Now, Crystal, who has raised three kids in the district, filed a Brown Act lawsuit instead.


District officials pushed back against the complaint.


“The allegations misrepresent the facts, misapply the law, and politicize a local curriculum decision,” Superintendent Don Austin wrote in a message to this publication. “This appears to be the next step in an unsuccessful local attempt to allege Brown Act violations to stop the implementation of Ethnic Studies courses.”


The lawsuit makes the same claims as the Brown Act notice, alleging the board of education adopted the course a year early, without telling the public.


“They purported to ‘confirm’ that completion of ethnic studies would ‘remain a graduation requirement beginning with the Class of 2029,'” stated a press release from Brandeis. “No such graduation requirement existed at the time of the January 23, 2025, meeting, and, therefore, no such graduation requirement could be confirmed.


At a September 12, 2023, meeting, former school board members expressed interest in creating the new Ethnic Studies requirement for the Class of 2028. Ultimately, board members agreed with staff recommendation to create the Ethnic Studies requirement for the Class of 2029. The board did not officially vote at the meeting.
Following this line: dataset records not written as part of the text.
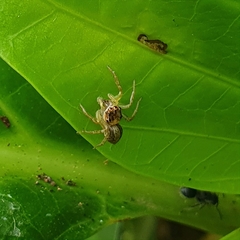Cytaea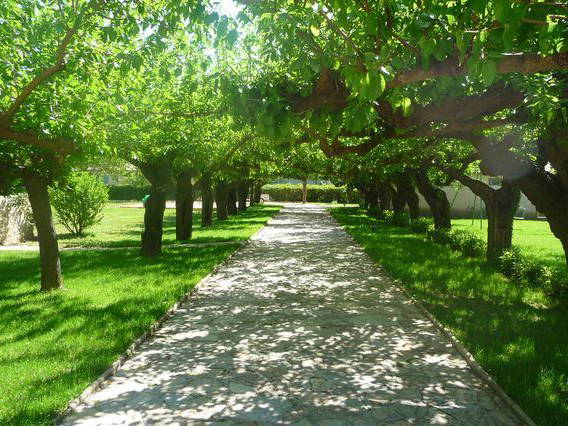 Chambres D'hôtes Les Plans 22985-2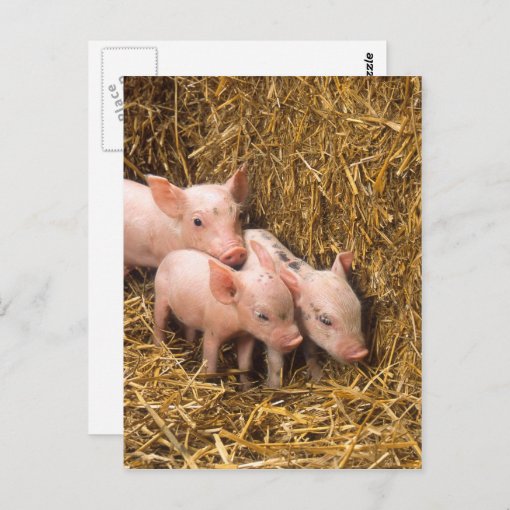 Piglets Postcard Zazzle.co.nz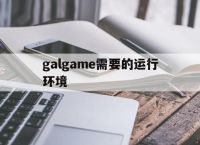 galgame需要的运行环境,galgame运行需要什么文件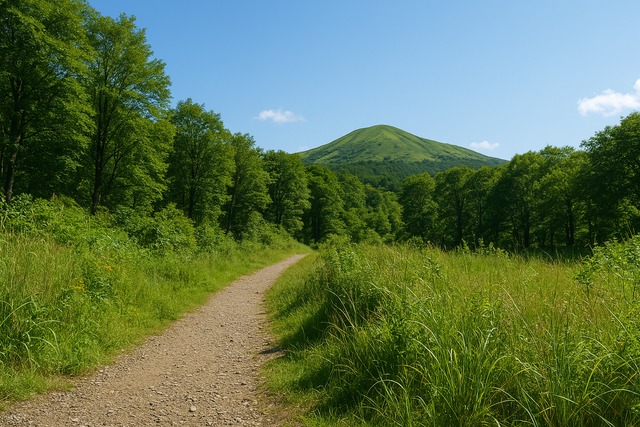 meadow-trail-peak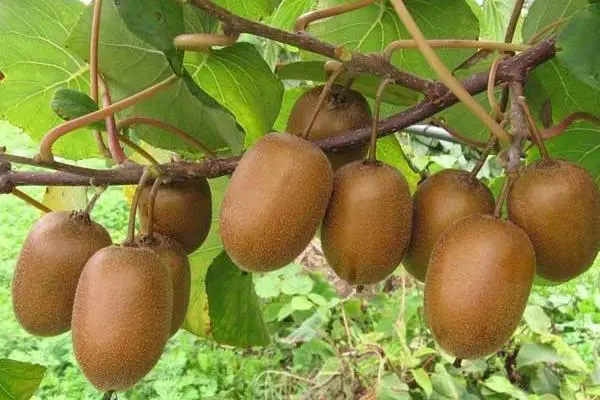 猕猴桃有几个种植阶段：幼树期、初果期、盛果期、衰老期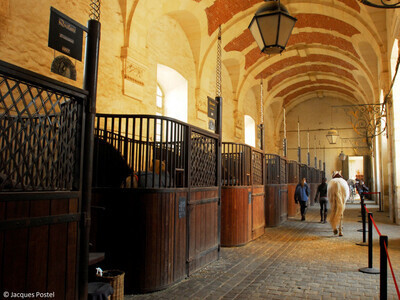 academie-spectacle-equestre-visite-guidee-versailles-jacques-postel-43362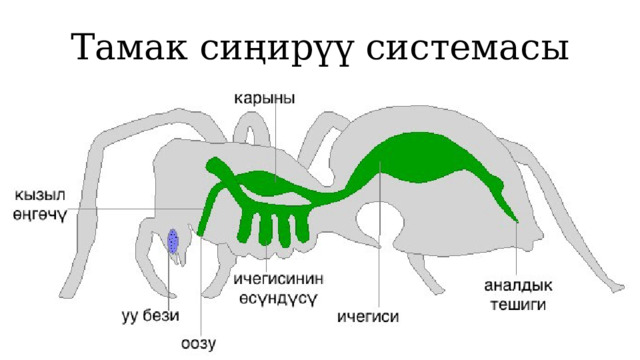 Тамак сиңирүү системасы 1 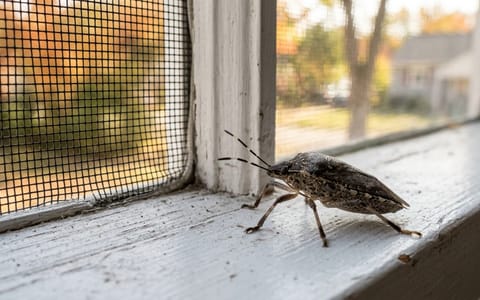 A brown stink bug sitting on a white indoor window sill next to a window screen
“I’d say we would be open to hearing an adjustment to the timeline if you suddenly decide you’re ready to go sooner,” former board member Jennifer DiBrienza said at that meeting.


At the next school board meeting on October 10, 2023, the board passed the new requirement through its consent calendar, which means there was no further discussion on the item. The item stated the ethnic studies course requirement would begin with the class of 2029-2030, a year later than discussed in the previous meeting.


The Palo Alto Unified School District said this was a typographical error but the lawsuit claims it intentionally misled the public.


“The suggestion that the Board ‘pushed through’ this requirement without proper notice is simply false,” Austin wrote in a statement. “The vote occurred in public, the agenda was posted in compliance with the Brown Act and public input was provided over an extended period of time.”


The lawsuit also alleges that the district let specific groups in the room during the Ethnic Studies board meeting and that board members met in private to discuss the course.


Crystal and the law firm said they agree that the ethnic studies course has the potential to educate students to “build a more just society,” according to the lawsuit, but argued that Palo Alto’s course may cause discrimination.


“PAUSD’s actions are part of a concerning trend emerging in K-12 schools where board members act behind closed doors and without the required public notice in order to approve K-12 curriculum that may be controversial, inflame bigotry, and even be unlawful,” Brandeis Center CEO Kenneth Marcus wrote in a statement.


While the complaint was filed in February, the Brandeis Center joined the lawsuit on July 21, filing an amended complaint on behalf of both itself and Crystal.


The district believes the lawsuit represents a pattern “across the entire state from those who do not support the course in various formats and configurations,” Austin wrote.


“We will vigorously defend against this baseless lawsuit and stand behind both the transparency of our process and the value of the course itself,” he wrote.